No other flower tickles your nose quite like Fothergilla gardenii (dwarf fothergilla), a charming little shrub with honey-scented, bottlebrush blooms in early spring. This native North American shrub does well in moist (not boggy) spots and in partial shade, but in sun, it produces more flowers and can be relied upon for a magnificent display of burnished-gold tall foliage. Dwarf fothergilla grows slowly to about 3 feet high and wide. It is small enough to plant in mixed borders among perennials, and will thrive with the same watering and attention they receive. It does not tolerate drought. Hardy in Zones 5–8.
In late spring, Viburnum carlesii (Koreanspice viburnum) is covered with dense clusters of pink buds that open to pure white. Plant it along a path, off a deck or patio, or near the front door — close enough to the house to enjoy the exotically spicy fragrance of its flowers as you come and go. The bloom lasts up to two weeks. Koreanspice viburnum thrives in part shade to full sun, and grows to about 8 feet tall; it tolerates pruning well, and can be grown as a striking hedge. The foliage turns ruddy red in the fall. Hardy in Zones 4–8.
Rhododendron ‘Hino Crimson’ is a small evergreen azalea, but its tiny, shiny leaves can scarcely be seen in spring, when bright red buds cover the shrub and open into a gorgeous profusion of flowers. ‘Hino Crimson’ is one of many Kurume azaleas; these slow-growing hybrids are known for their hardiness, dense branch structure, and attractive small leaves. Other cultivars have white, pink, salmon, fuchsia, or purple flowers. ‘Hino Crimson’ is among the hardiest of the Kurume hybrids. Its foliage turns bronze in winter. In time, Kurume azaleas will grow to 4–6 feet tall; plant them in light shade, in an area protected from winter sun, and mulch to conserve soil moisture. Hardy in Zones 5/6–9.

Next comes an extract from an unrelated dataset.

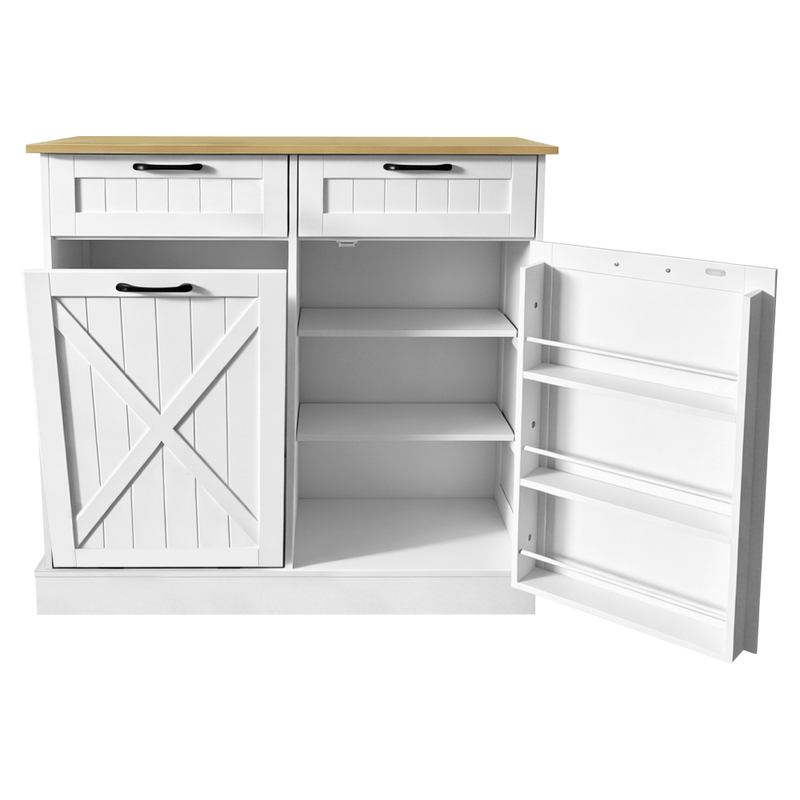 Casa si Gradina - Mobilier - Comode si corpuri - Corpuri bucatarie - Dulap cu deschidere basculanta cu cos de gunoi, alb/stejar, DENIO - Infinity.ro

Malus ‘Indian Magic’ (flowering crab apple) is just one of hundreds of wonderful choices in the astonishingly vast world of crab apples. ‘Indian Magic’ sets itself apart with its red flowers in spring and persistent orange fruit in the fall and winter. Crab apples are small, attractive trees with a generally rounded habit, growing 15–20 feet tall and just about as wide in well-drained soil in full sun. Crab apples are susceptible to a dismaying number of bugs and blights, and it is important to choose resistant varieties. ‘Indian Magic’ gets good reports, as do ‘Adirondack’ (introduced by the U.S. National Arboretum), ‘Callaway’, and ‘Sugar Tyme’. Hardy in Zones 4–7.